Romans 6:1-14 ❧ Pastor, Dr. John Denney

The Apostle John tells of a time when he and the rest of the disciples skeptically followed Jesus to a small village called Bethany.  They were skeptical because Jesus had told them they were going to the tomb of His good friend Lazarus who’d been dead now for four days.  The Jews believed once a person had been dead for three days, it was impossible for them to come back to life.  So, Jesus’ trip to the tomb of a man who’d been dead for four days seemed a complete waste of time in their minds.  Once there, Jesus immediately ordered the stone covering the tomb’s entrance to be removed.  Then it says He lifted His eyes toward Heaven and prayed out loud.  Once He finished, He looked to the open mouth of the dark tomb and cried out in a loud voice, “Lazarus, come out!” (John 11:43, NLT).  What happened next no doubt took everyone’s breath away.  Lazurus, who’d been dead for four days and still bound from head to foot in heavy grave clothes, came out of the darkened tomb.  He didn’t do this on his own, he couldn’t.  The thick wrappings on his body would have made it impossible for him to walk.  Lazarus was raised by the power of God.  This same power not only gave him life, but also must have carried him to the entrance of the tomb.   Immediately Jesus instructed those watching to unbind him and let him go (John 11:44). 

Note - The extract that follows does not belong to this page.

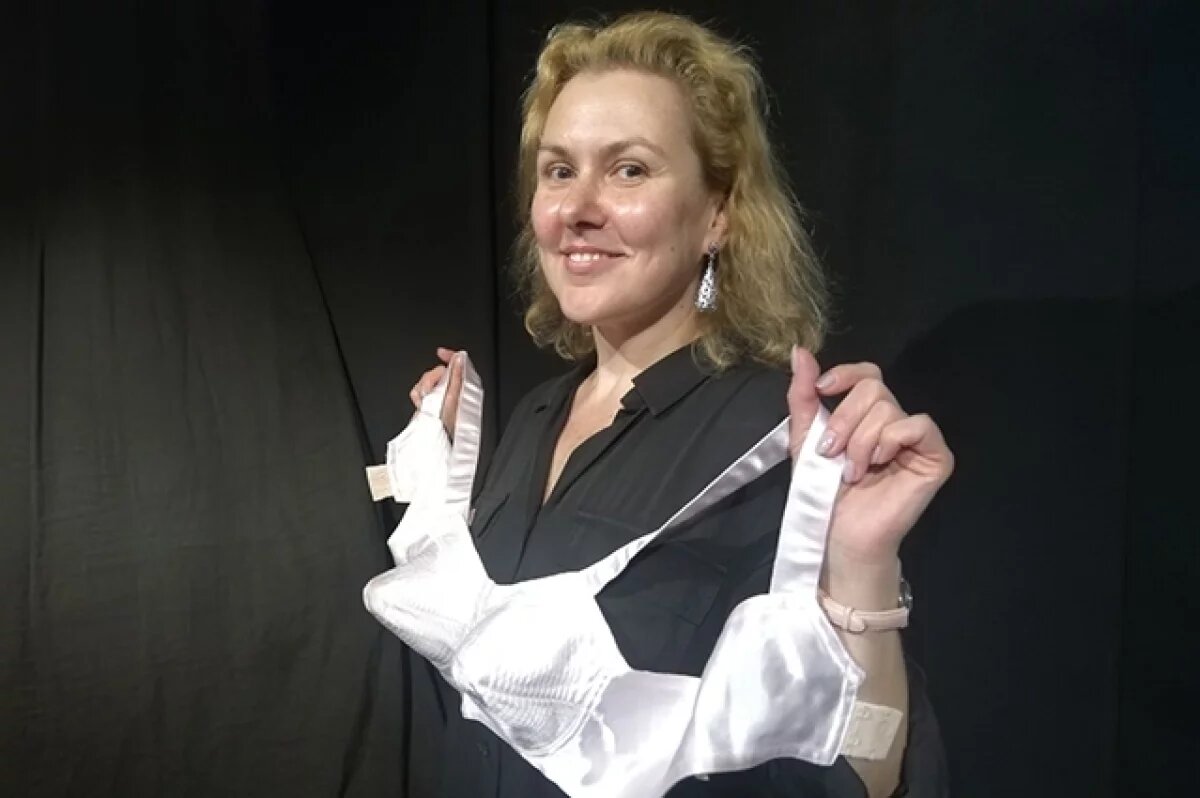    Ирина Светоносова: «Такие бюстгальтеры в народе назывались «ядерные боеголовки».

This story, in many ways, is a graphic picture of what happens the moment someone places their trust Jesus as their Savior.  The Bible says we were spiritually dead in our sins just like Lazarus was physically dead in the tomb (Eph. 2:1).  But the moment we put our faith in Christ, we were raised to new life by the power of God (John 5:24; Eph. 2:5-6).  And just as Lazarus was still bound by his grave clothes from head to foot, so we too are still bound by the grave clothes of our old sinful life.  The difference is Lazarus was set free from the old grave clothes, while many of us are still bound by some of the old grave clothes of our sinful past.  Worse, we’re often tempted to put our old clothes back on!    

Today we’re going to turn back to our verse-by-verse study in Romans.  In the past several weeks we took a brief parenthetical pause to think through some important words Paul uses in Romans 1-5 to strengthen our faith.  Words like justification, propitiation, imputation, and reconciliation.  Psalm 119 says: Your word is a lamp to my feet and a light to my path (Psalm 119:105).  What does a light do? It enables us to see.  God specifically chose these key words to be used in the Bible to serve as lights to guide us in our understanding of Who the God of the Bible is. This morning we’re going to look at Romans 6.   The key word in this chapter is sanctification – the process of God working in us to conform us into the image of His Son (Rom. 8:29; Phil. 2:13). In other words, Paul is going to show us how we’re to put the truths he’s taught us chapters 1 through 5 to work in our lives.  

There are four things Paul shows us we need to do in this passage.  There are some things we need; we need: 1) to guard, 2) to know, 3) to believe, & 4) to do.  Guard, know, believe, do.     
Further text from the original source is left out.